**Exercise goal:** Would you please return only the lines from the one with "Romantic couple seated" through the last line of the records below, leaving the pictures out?

**Source material:**

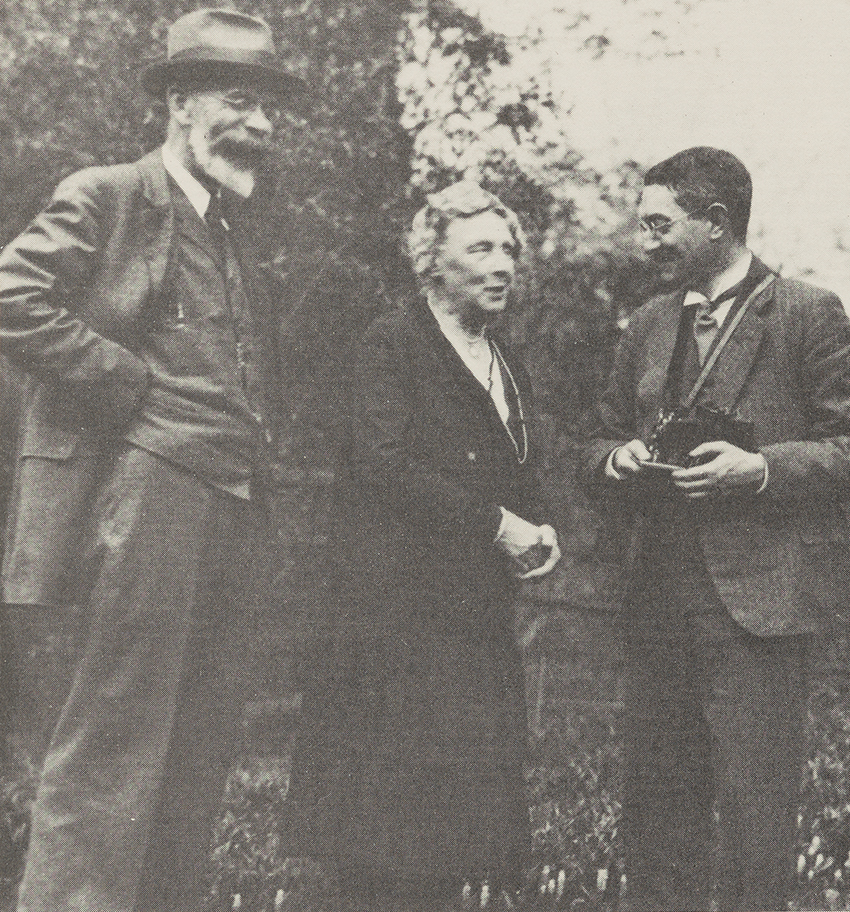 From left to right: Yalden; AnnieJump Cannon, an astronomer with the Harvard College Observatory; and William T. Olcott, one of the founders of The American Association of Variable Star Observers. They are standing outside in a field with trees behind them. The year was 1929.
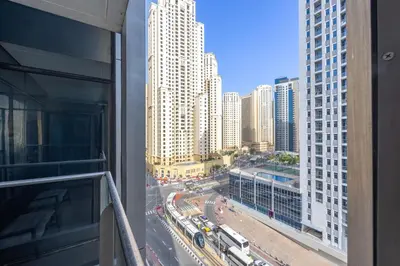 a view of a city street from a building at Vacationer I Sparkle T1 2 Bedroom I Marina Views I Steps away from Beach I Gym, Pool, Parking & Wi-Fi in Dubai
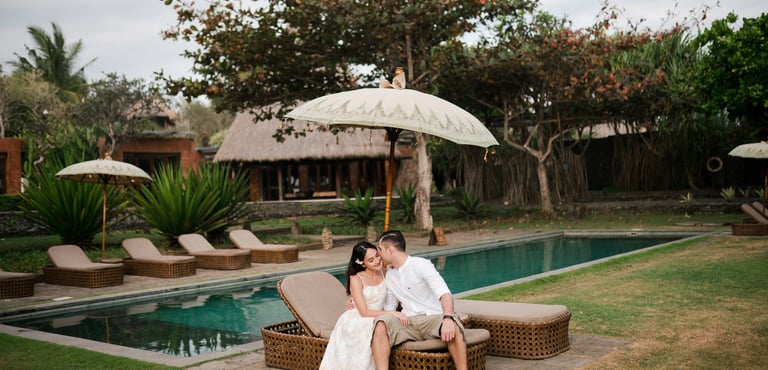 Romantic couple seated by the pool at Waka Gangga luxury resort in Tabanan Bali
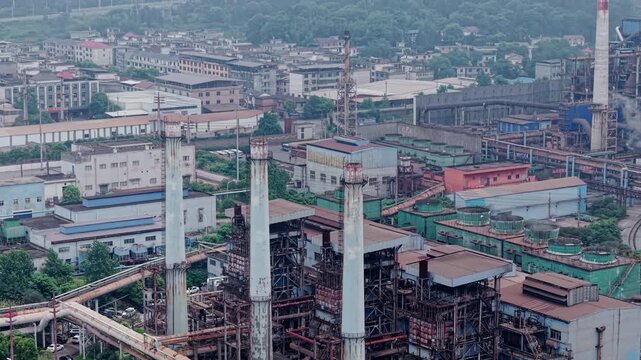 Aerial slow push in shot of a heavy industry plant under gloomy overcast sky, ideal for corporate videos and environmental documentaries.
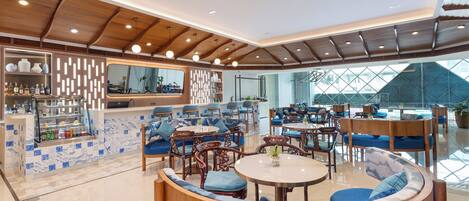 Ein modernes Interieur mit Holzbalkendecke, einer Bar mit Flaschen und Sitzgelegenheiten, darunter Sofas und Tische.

**Solution to this task:**
 Romantic couple seated by the pool at Waka Gangga luxury resort in Tabanan Bali
 Aerial slow push in shot of a heavy industry plant under gloomy overcast sky, ideal for corporate videos and environmental documentaries.
 Ein modernes Interieur mit Holzbalkendecke, einer Bar mit Flaschen und Sitzgelegenheiten, darunter Sofas und Tische.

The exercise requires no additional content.